Haha, yeah. And then, over time, the verb to spur just shifted toward the general idea of sudden “inspuration”. Oh while we’re at it… German actually also has a verb that’s based on the horse-spurs: anspornen. Which is a mix between cheering and motivating.
- Der Motivationstrainer soll das Team anspornen.
- The boss wants to motivate the team with his speech.
It’s a bit rare but I thought I’d mention it.
“Cool, thank you so much!! That was really interesting.”
Well, thank you for bringing that up.
And to all of you out there, thanks for tuning in. This was our little look at the verb spüren which evolved from tracing footprints to a general sense of tactile and intuitive perception.
As always, if you have any questions or suggestions about this, especially about the difference between spüren and fühlen, just leave me a comment.
I hope you liked it and see you next time.
** vocab **
die Spur – the trace, the track (recording, trains, foot prints), lane (car traffic)
die Überholspur – the fast lane
spüren – sense, feel (tactile, intuition)
das Gespür – the sense (in sense of being good at finding/spotting)
spürbar – noticeable (ly)
verspüren – feel (context of urges and appetites)
anspornen – motivate
die Sporen – the spurs
I found this article particularly brilliant. Many thanks for the clear, elegant explanation.
Vielen Dank :)!
The verb spuren means to track or to obey? follow faithfully?
Oh, nice one.
It’s a somewhat rough sounding “obey, follow the lead”. Think of dog owners or angry parents.
It’s only used to describe behavior (or lack thereof). So no one ever uses it as an imperative like “Spur jetzt!!”
That sounds super super awkward. I think the word is on its way out, actually.
So would you say that spüren is closer to wahrnehmen?
As opposed to “fühlen”? Hard to say. It’s close to “spüren” in that it’s kind of direct and raw, but “wahrnehmen” works for all senses, not just touch and intuition.
Does that help?
Great article! One thing I might add is the English word “sign”.
This word is very much part of the hunters’ lexicon and used when tracking animals or seeing their traces. So it is the same root idea, but used mainly by outdoors people. It is usually used in the context of searching and hunting.
“Did you see the deer sign (could be prints, feces [scat], or even hair stuck on thorny shrubs) up the trail?”
Another example, “There is too much bear sign here for comfort. Let’s head back down the mountain.”
And the generic, “Any sign of him out here?”
Fans of Frank Herbert’s Dune series will also be familiar with the term “wormsign”.
Oh wow, I didn’t know that. You’d totally say “Spur” auf Deutsch, even if it’s just a broken twig with a bit of fur.
“Zeichen”, the “normal” translation for sign, would sound super weird in all the contexts you mentioned.
Honestly, it sounds a little weird to laymen, at least the “deer sign,” “bear sign,” “wormsign” usage. But it is definitely idiomatic.
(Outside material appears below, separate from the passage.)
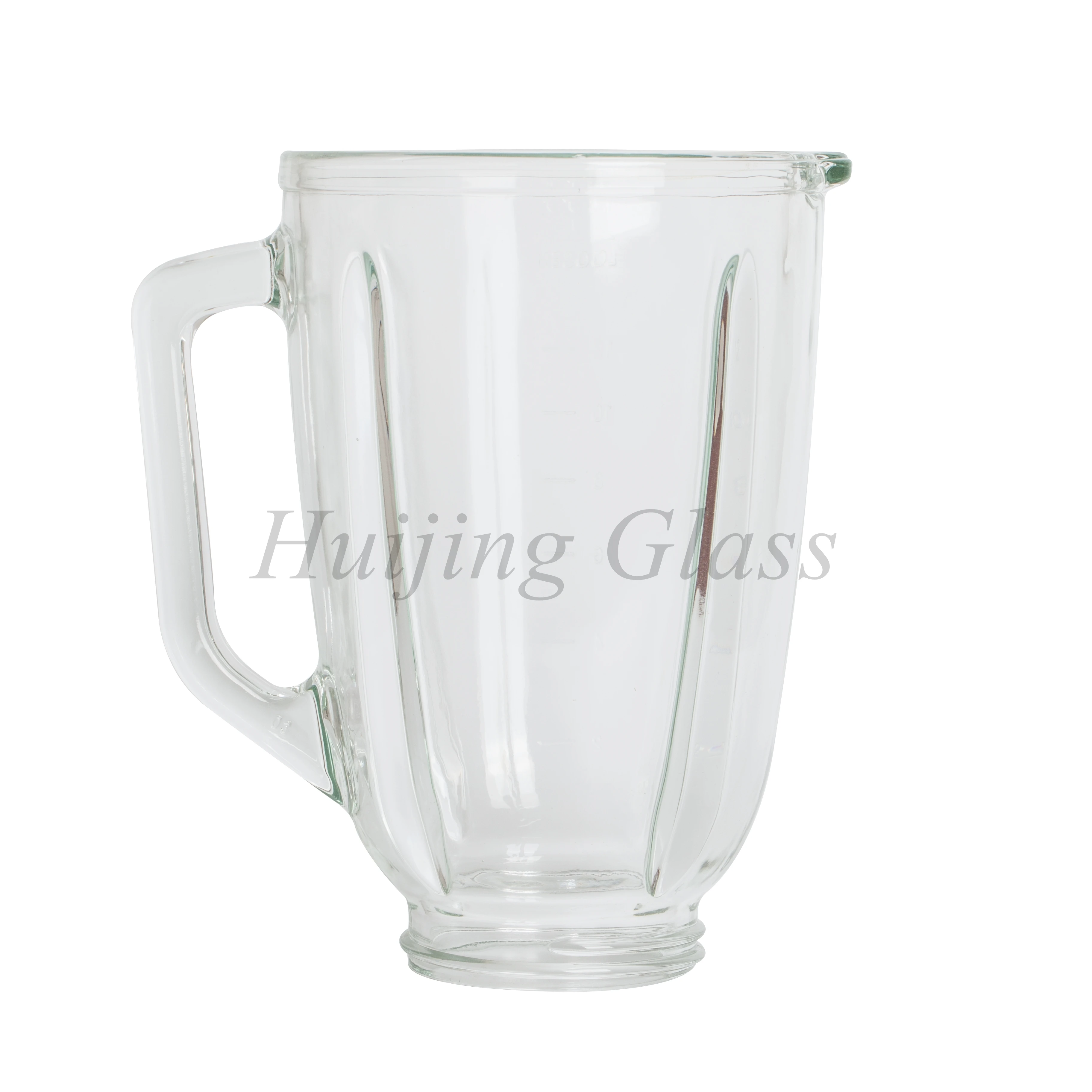 (A24-1)Popular home use appliances 1.2L nice hot selling national baby food juicer blender spare parts glass jar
The last (less technical) usage lost in desert mentioned is really common, though. For whatever reason, you tend to use the singular in a negative or interrogative way, and the plural when it’s positive:
– There’s no sign of intelligent life anywhere. (Buzz Lightyear quote)
– Any sign of him out here?
– We found signs of a struggle at the scene.
i’m trying to learn german while my disability keeps me unable to go to school or work, and i found this website and it has made me very happy!
I am really excited to work through your wonderful articles – and I am very grateful to those of your subscribers who were able to subsidise my membership while i am broke and bed-bound. now learning german can keep my mind off my illness – and hopefully one day i’ll be able to read some of my favorite german writers in their original language.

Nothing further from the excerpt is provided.